Un juez penal de conocimiento de Santa Marta sentenció a 24 años de prisión a Édgar Ariel Córdoba Trujillo, conocido con los alias de “5-7” o “Samuel”, señalado como uno de los principales jefes de una estructura armada del ‘Clan del Golfo’ en la región Caribe. La condena se produjo tras un preacuerdo con la Fiscalía General de la Nación, en el que el procesado aceptó haber dado la orden de cometer al menos 30 homicidios entre febrero y junio de 2022.
Según las investigaciones, los crímenes se registraron en distintos municipios de los departamentos de Cesar, Magdalena y La Guajira, y habrían hecho parte de una ofensiva criminal desplegada por ese grupo armado ilegal como represalia por la extradición a Estados Unidos de Dairo Antonio Úsuga David, alias “Otoniel”, entonces máximo jefe de la organización.
Los elementos probatorios recopilados por la Fiscalía indican que Córdoba Trujillo utilizó la cadena de mando para instruir a sus hombres en la ejecución de ataques armados dirigidos tanto contra presuntos objetivos delictivos como contra civiles. Varias de las víctimas, de acuerdo con el expediente, fueron personas que se negaron a pagar extorsiones, a cerrar sus negocios o a abandonar territorios bajo control del grupo ilegal.

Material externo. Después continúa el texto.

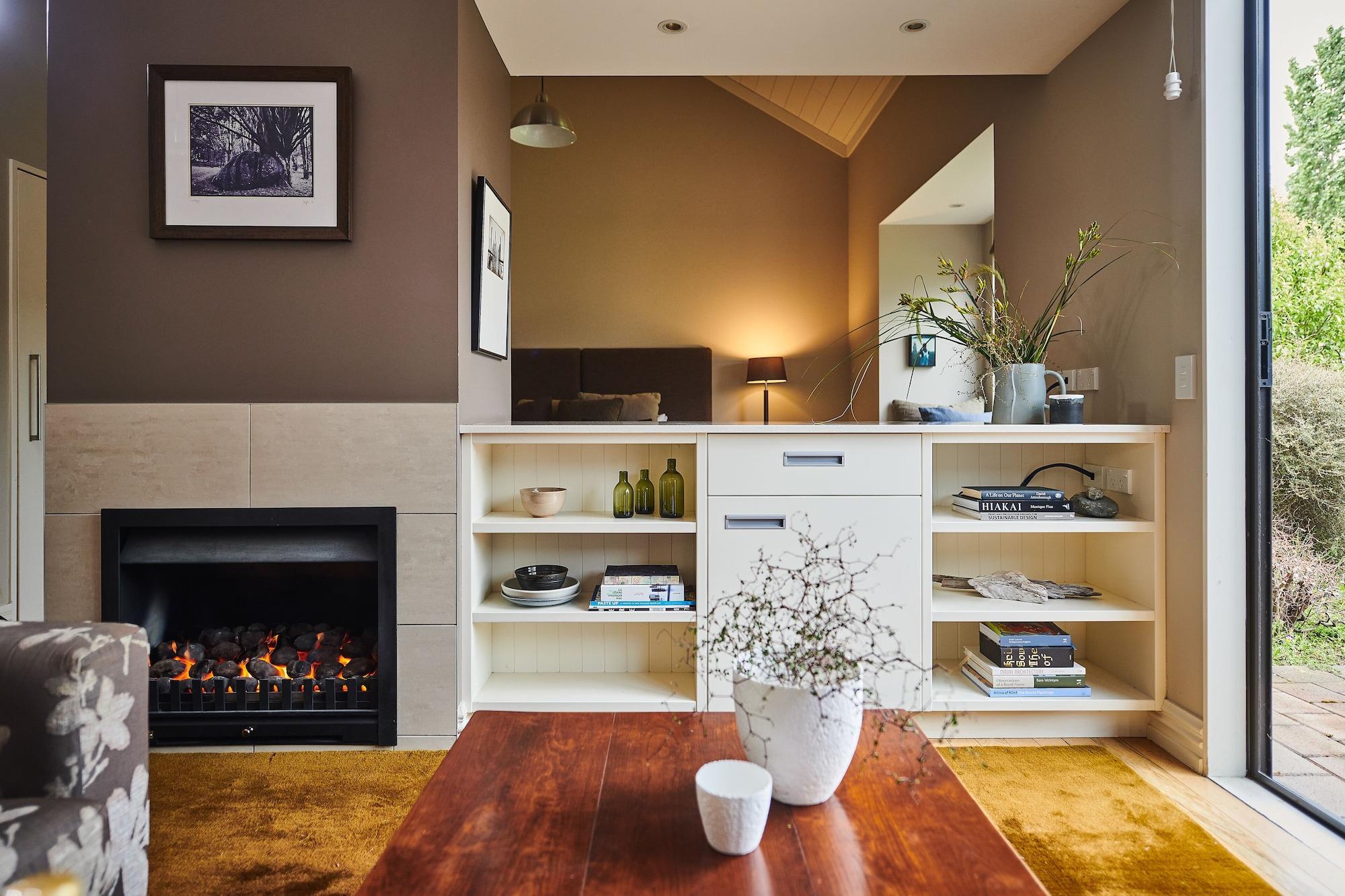 Parehua Resort Martinborough Bagian luar foto A fireplace in a home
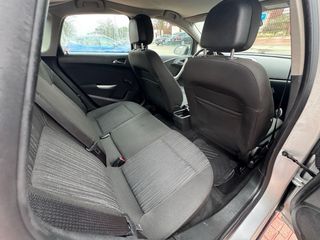 644114491 Opel Astra 2011 190.000KM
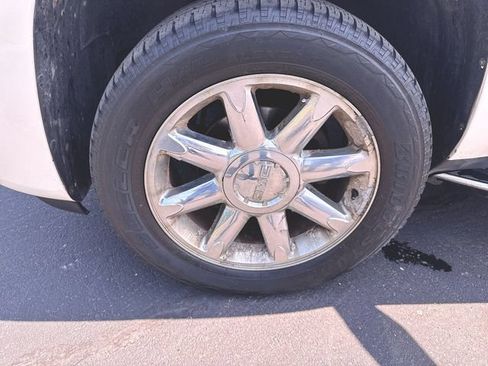 Used 2014 GMC Yukon Denali AWD/4WD image 32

Uno de los hechos más graves ocurrió el 6 de mayo de 2022 en la ‘Ruta del Sol’, a la altura del municipio de El Copey, en Cesar. Ese día, integrantes del ‘Clan del Golfo’ abrieron fuego contra varios vehículos de carga, causando la muerte de un conductor de tractomula. Horas más tarde, en Pivijay, Magdalena, hombres armados atacaron a dos comerciantes que mantenían abierto su establecimiento, dejándolos gravemente heridos tras múltiples disparos.
Además de los homicidios consumados y en grado de tentativa, el juez declaró responsable a Córdoba Trujillo por concierto para delinquir agravado, fuga de presos y delitos relacionados con la fabricación, tráfico y porte de armas y municiones de uso restringido y de uso privativo de las Fuerzas Armadas. También fue condenado por la utilización ilegal de uniformes e insignias y por el uso ilícito de redes de comunicación.
La sentencia marca uno de los golpes judiciales más contundentes contra la estructura del ‘Clan del Golfo’ en el Caribe colombiano en los últimos años. Las autoridades destacaron que este fallo busca enviar un mensaje de que los crímenes ordenados desde la cúpula de los grupos armados ilegales no quedarán en la impunidad y que se continuará persiguiendo a quienes promueven la violencia y el terror en las regiones.